Is that not why it is important that St. Patrick’s stands with doors wide open to the world on Fifth Avenue? So that those who see from outside, might enter within and be transformed by the light?
Doesn’t that teach us what it means to rebuild the Church? We invite those we encounter to come inside the household of faith, to see the light not from the world outside, but refracted through the lives of the Lord Jesus and the saints? To stand outside the Cathedral is to be impressed by its size, even its grandeur. But it misses the point. We rebuild the outside, precisely in order that we may come inside. In New York, there is no shortage of immense buildings, many of which dwarf St. Patrick’s. But none, upon entry, transform the very light of the world outside into something as beautiful. There are many impressive institutions, societies and associations in New York. But none have the same mission as does the Church, to be a house for all peoples by which the world is transformed.
That’s a good way to understand the inspiring pastoral approach of Pope Francis. He well knows—as we certainly do in New York—that many look upon the Church and those “demands of Christian morality” as something forbidding, or even burdensome. So Pope Francis encourages us to bring first the light of Christ, the joy of the Gospel, the happiness that comes from God’s friendship to the world around us.
In the campaign for St. Patrick’s many who are not Catholic have generously offered their help. Some have even said that they don’t care for the Church’s teaching in this or that regard, but they treasure the presence of St. Patrick’s in New York. They are confirming the intuition of Pope Francis that first comes an encounter with God, and everything else follows from that. Just as we invite others to come inside, and witness the light transformed by the Church, so too do the windows point the Church to the world outside. The point is not to enter the Church as a sort of bunker, defensively arrayed against a dangerous world. Rather, the Church herself desires to move beyond herself, to put herself at the service of the world outside, and in service to the One who is outside the world altogether, and who holds it in His creating and sustaining hand. The Church exists for Jesus Christ—He is her Lord, her Head, her Master. And she also exists for the world itself—the world beyond the windows.
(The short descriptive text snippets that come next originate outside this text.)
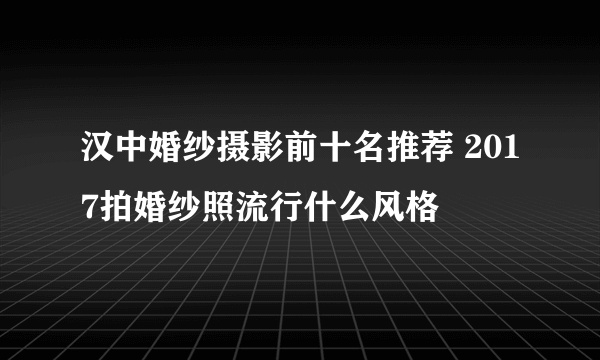 汉中婚纱摄影前十名推荐 2017拍婚纱照流行什么风格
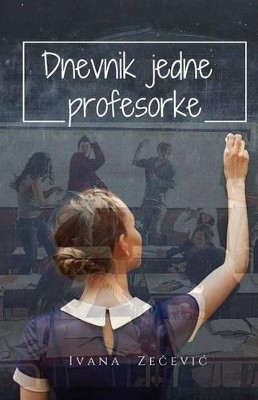 Dnevnik Jedne Profesorke by Ivana Zecevic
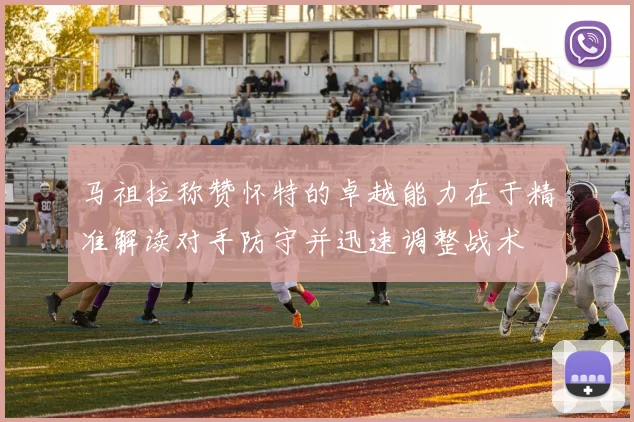 马祖拉称赞怀特的卓越能力在于精准解读对手防守并迅速调整战术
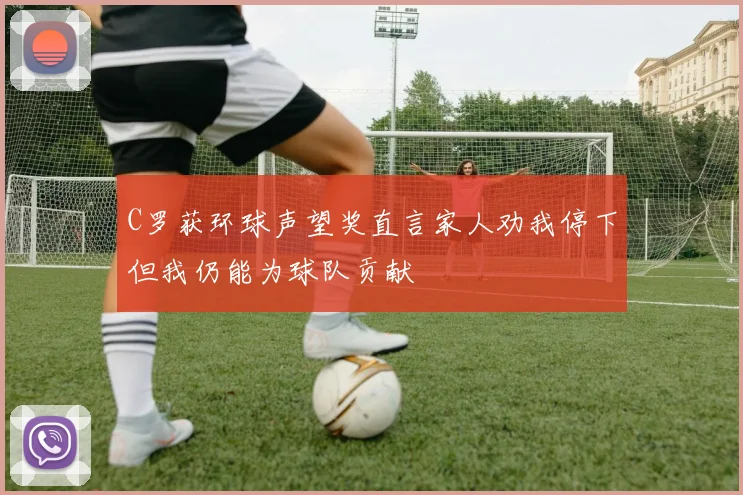 C罗获环球声望奖直言家人劝我停下但我仍能为球队贡献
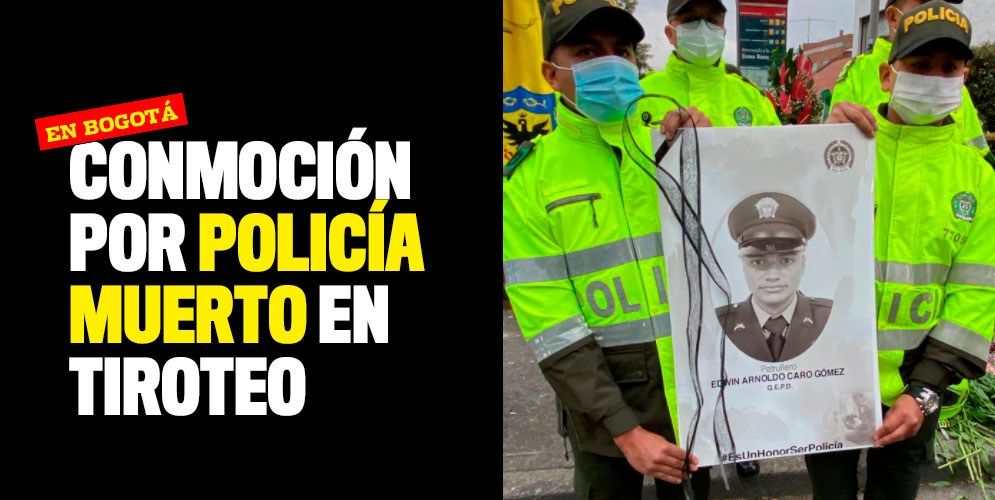 Conmoción en Bogotá por policía muerto en tiroteo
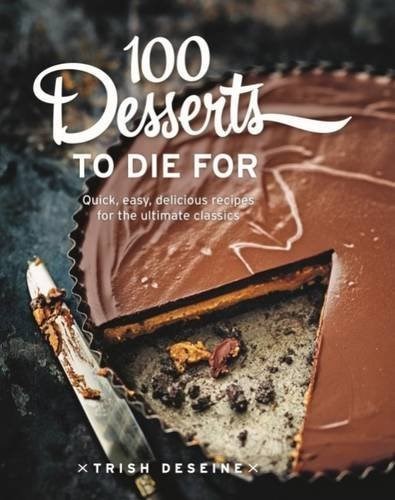 100 Desserts to Die for: Quick, Easy, Delicious Recipes for the Ultimate Classics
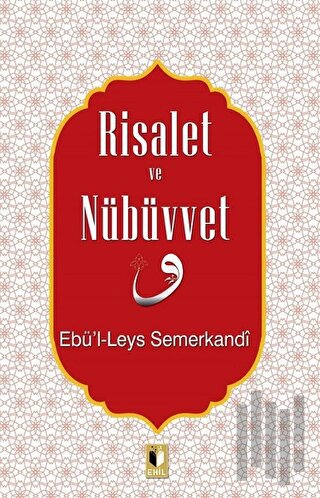 Risalet ve Nübüvvet | Kitap Ambarı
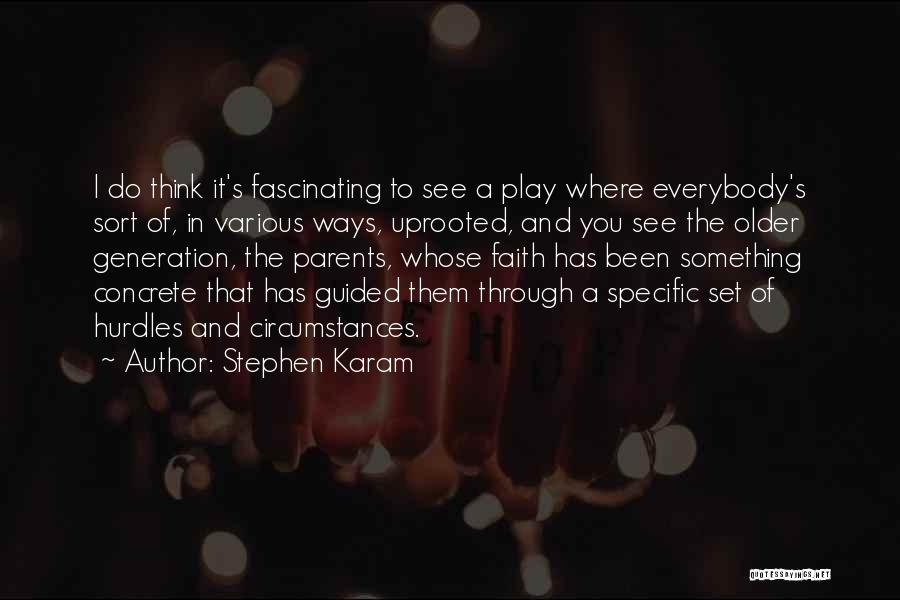 Stephen Karam Quotes: I Do Think It's Fascinating To See A Play Where Everybody's Sort Of, In Various Ways, Uprooted, And You See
To rebuild the Church then is not some project that we Catholics do for ourselves and our own good alone, anymore that one could say that our Cathedral exists for Catholics and our own good alone. St. Patrick’s and stained glass teach us the same lesson, that we serve the world best when we ourselves are solid in our foundations, strong in our structures, open and welcoming, and radiant in the light of Christ. The rebuilding of St. Patrick’s is a project on Fifth Avenue. The rebuilding of the Church is task for every parish in each of our ten counties.
To Rebuild, Restore, Renew, Repair - But Not Replace!
One of the joys of our Cathedral restoration project for me is meeting those skilled experts and workers who show me with great pride a particular window, or statue, or tilework, or polished bronze—and say, “Cardinal Dolan—this is what it looked like in the beginning, before the soot and grime and decay set in.”
In the beginning…The restoration project is showing us what the artisans and craftsmen intended from the beginning—what our ancestors saw when the Cathedral first opened. That’s what we are doing—rebuilding, restoring, renewing, repairing. We are not replacing St. Patrick’s with something else. We have a magnificent Cathedral. Our task it not to build something new, but to rebuild what we have already received so that we can share with others the gift that was intended for us from the beginning. The crucifix in San Damiano did not say to St. Francis: Build another church! He said: Repair My Church!
Therein lies a great difference. Our task in rebuilding the Church is not to replace the Church with something different. Pope Francis has reminded us that he is a “loyal son of the Church” and so too should we be. A loyal son does not seek to replace his mother. Our task in the new evangelization is not to invent a new gospel, but rather to spread with new enthusiasm and new methods the Gospel already given to us by Jesus. We might say that Jesus is the “Divine Restorer” who comes to us in the midst of our weakness, our wounds, our wickedness, and shows us what His Father intended from the beginning.
A Prayer for Marriage and Family Life
As we set about our mission of rebuilding the Church with renewed enthusiasm, I recommend to your prayers a special priority for marriage and family life. The Holy Father has chosen to hold an Extraordinary Synod later this year on the family, followed by another Synod on the same topic in 2015. He has asked the entire Church to pray for this great initiative. As a member of the preparatory council for the Synod I can attest to the importance the Holy Father places on this work. He attends our meetings and follows the preparatory work personally.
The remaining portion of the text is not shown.